Thanks Trixie ... I'd probably open them up along one side and bottom so I have a reasonable drop and width ... but I'll need to check that would be wide enough to cover the width of the van, at a guess, very unlikely.  Then I'd simply use the existing dark blue curtain material as a heavy lining, though, in retrospect, I doubt I'll do it because the current dark blue curtains fit my interior colour scheme nicely and if the pillowcases were used they'd be "one-sided" unless I can get some more ... I'll stick to being decadent and using them for my overstuffed feather pillows when the bed is in use.

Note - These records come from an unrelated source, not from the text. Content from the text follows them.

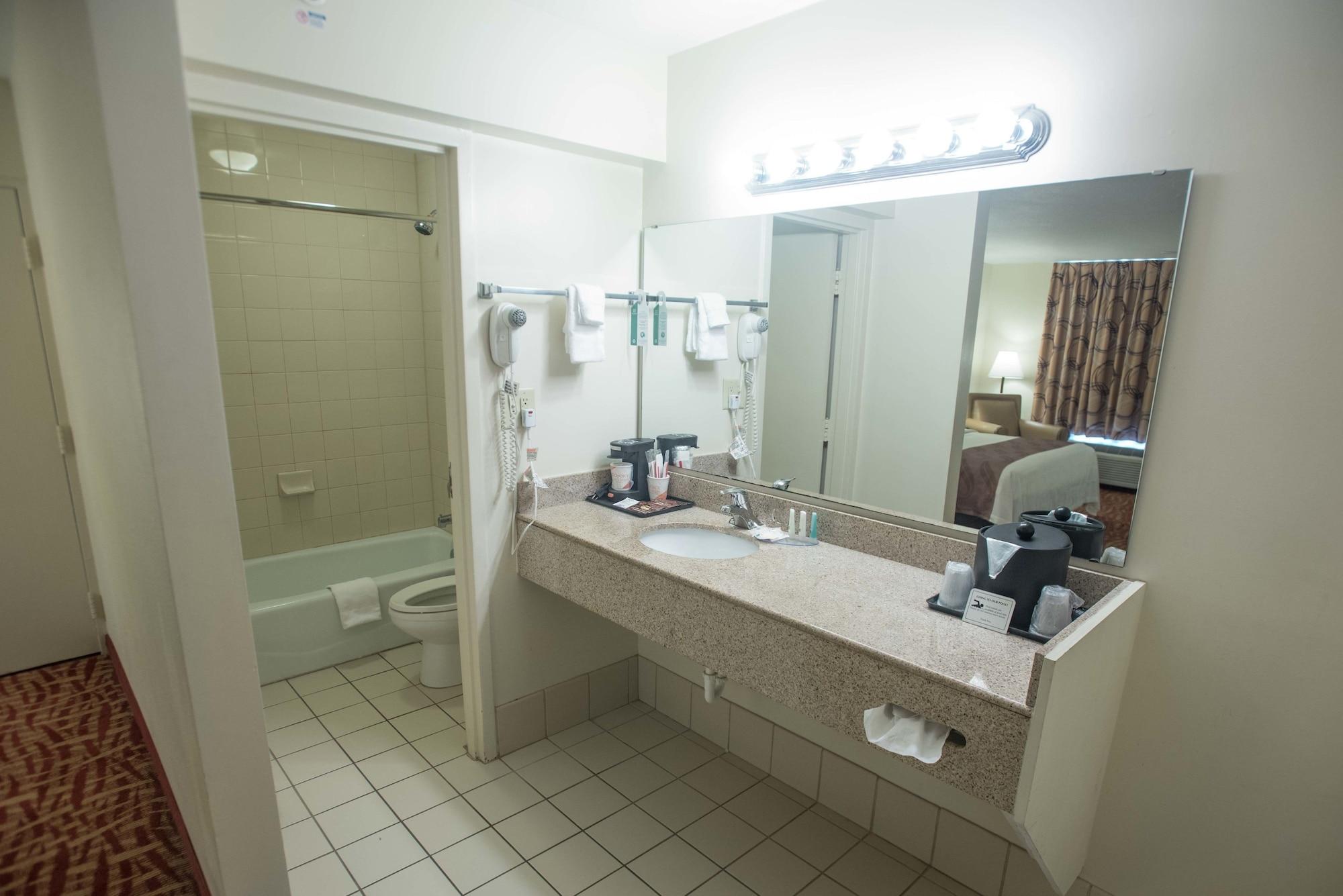 Quality Inn At Town Center Beaufort Buitenkant foto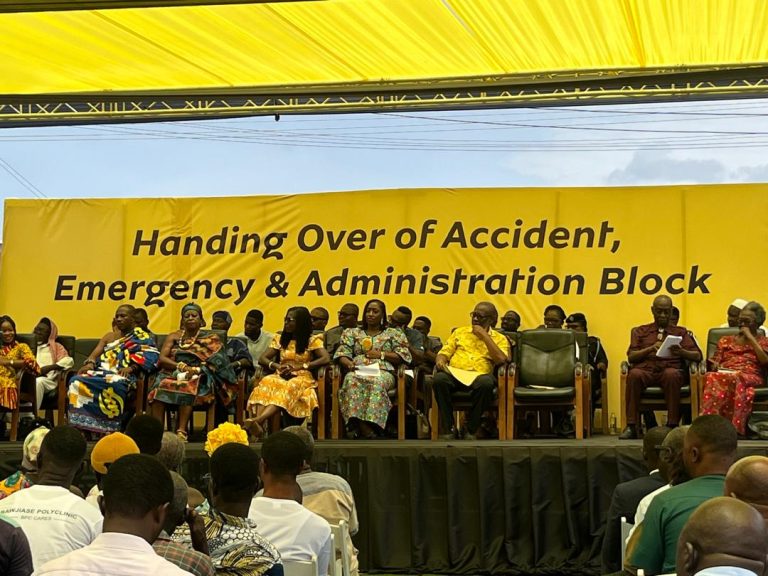 MTN Ghana Foundation commissions state-of-the-art emergency center to Bawjiase Polyclinic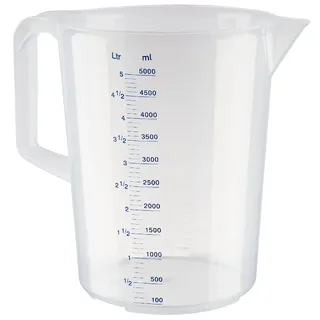 METRO Professional Messbecher, Polypropylene, 5 L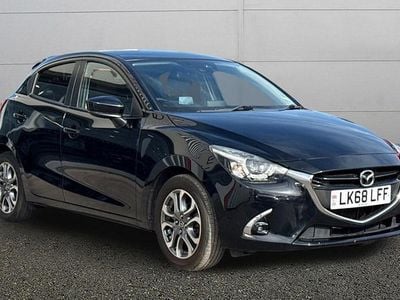Used Mazda 2 Inclusive 116 HP (85 kW) 2018 Black Hatchback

I admit I do sleep a lot, but I'm not a zombie, *yet.*


----------



## trixie88 (Mar 14, 2017)

Auld Pharrrt said:


> Thanks Trixie ... I'd probably open them up along one side and bottom so I have a reasonable drop and width ... but I'll need to check that would be wide enough to cover the width of the van, at a guess, very unlikely.  Then I'd simply use the existing dark blue curtain material as a heavy lining, though, in retrospect, I doubt I'll do it because the current dark blue curtains fit my interior colour scheme nicely and if the pillowcases were used they'd be "one-sided" unless I can get some more ... I'll stick to being decadent and using them for my overstuffed feather pillows when the bed is in use.
> 
> I admit I do sleep a lot, but I'm not a zombie, *yet.*



so,so so, sorry  have edited post  AP.....


----------



## Auld Pharrrt (Mar 14, 2017)

trixie88 said:


> so,so so, sorry  have edited post  AP.....



Hey, nae worries ... I'd be proud to look like NZ if his photos were anything to go by ... he thinks *he's* fat!


----------